Wednesday, April 27, 2016

SQL Data Warehouse and Azure ML!

Great news, on April 4th Microsoft announced support for Azure SQL Data Warehouse as a data source and a destination in Azure Machine Learning.  It is exciting to now be able to use the Azure SQL Database connection options in the Reader and Writer modules to interact with the Azure SQL Data Warehouse.  It is important to keep in mind that when you’re using the Writer module, the destination tables must already exist in SQL Data Warehouse.  So what does that mean for Azure ML?
In many machine learning projects, you want to consume data for training.  That data comes from a relational database.  Azure ML has supported reading data coming from an Azure SQL database for quite sometime. The exciting news this month is that now, we can have access to Azure SQL Data Warehouse as well.  This new feature allows us the ability to process a huge volume of data regardless of weather it is relational or not.

This new feature allows 2-way communication to the Azure SQL DW.  The process to connect to the Azure SQL DW is only slightly different from the Azure SQL DB in that the table must exist before you execute the experiment.  In addition, you must specify the number of rows that you want to write to at a single time.

To get started, first, you must create your Azure SQL DW server through the portal.  Use the reader module to read from the Azure SQL DW.  Create a new blank experiment and add a reader module.  The connection is the same as you would use for an Azure SQL DB; add the server and database using a username and password.

Remember when using Azure SQL DW the T-Sql syntax is slightly different from Azure SQL DB.  Take a look here to see what is different.  To create a table in Azure SQL DW you cannot use the GUI, you need to write it in code and that is available here.
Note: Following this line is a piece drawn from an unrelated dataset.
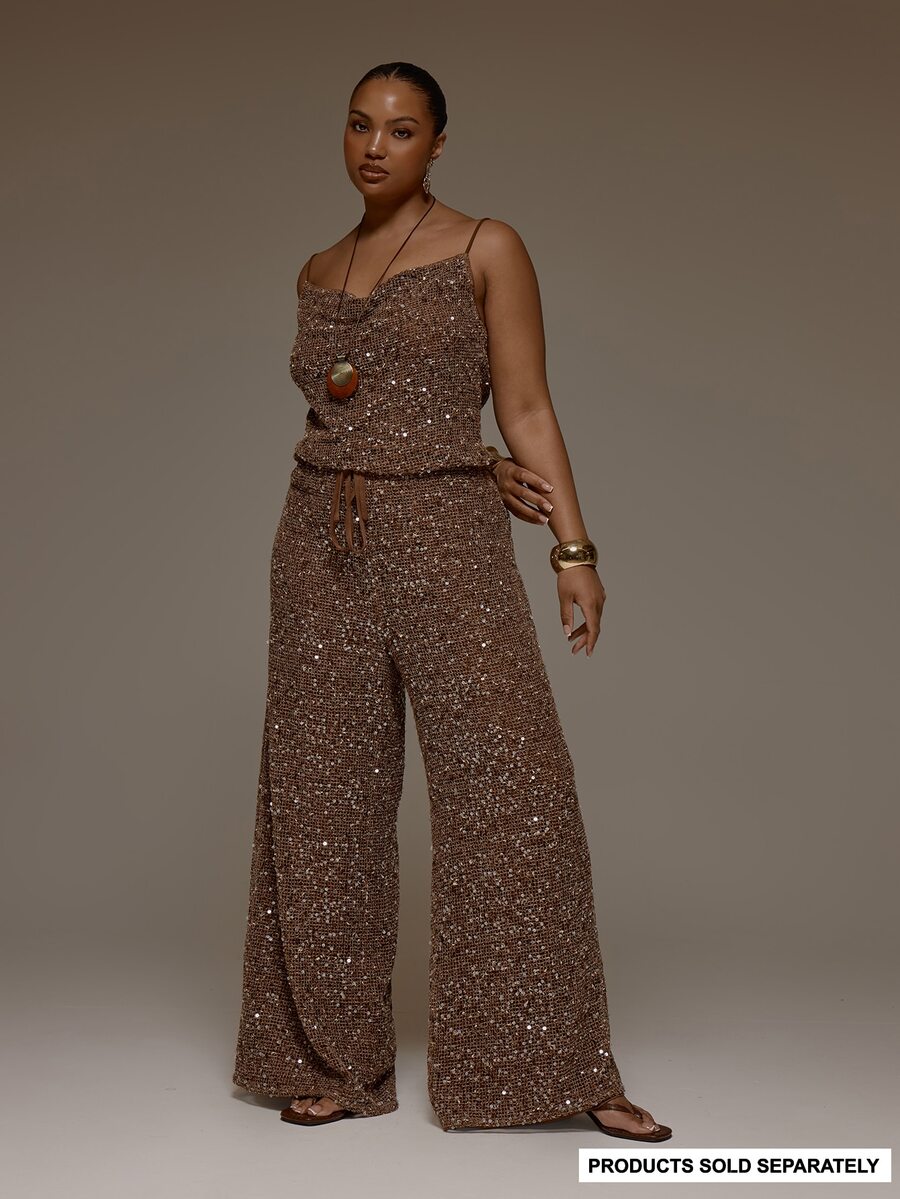 MUSERA Plus Size Brown Sequin Knit Mid Rise Tie Waist Wide Leg Trousers Spring Summer Cute Elegant Date Night Party Festival Holiday Vacation Beach Fall - Coffee Brown - View 1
When you are ready to write to the Azure SQL DW you will use the Writer module and specify you will only write 1 row at a time.  This limitation is due to the fact that the Writer module uses table value constructors a syntax that is incompatible with Azure SQL DW.  To fully understand the insert syntax, take a look here.

Due to the limitation of writing a single row at a time, if you need to write a large data set, it may be worth while to write to blob storage first.  Once that is done, then use the external table feature in Azure SQL DW to import the data.

Although there are limitations, they are minor.  Just remember the table must exist and you can only write 1 row at a time.  Feel free to use the external table feature to speed things up and enjoy this new feature.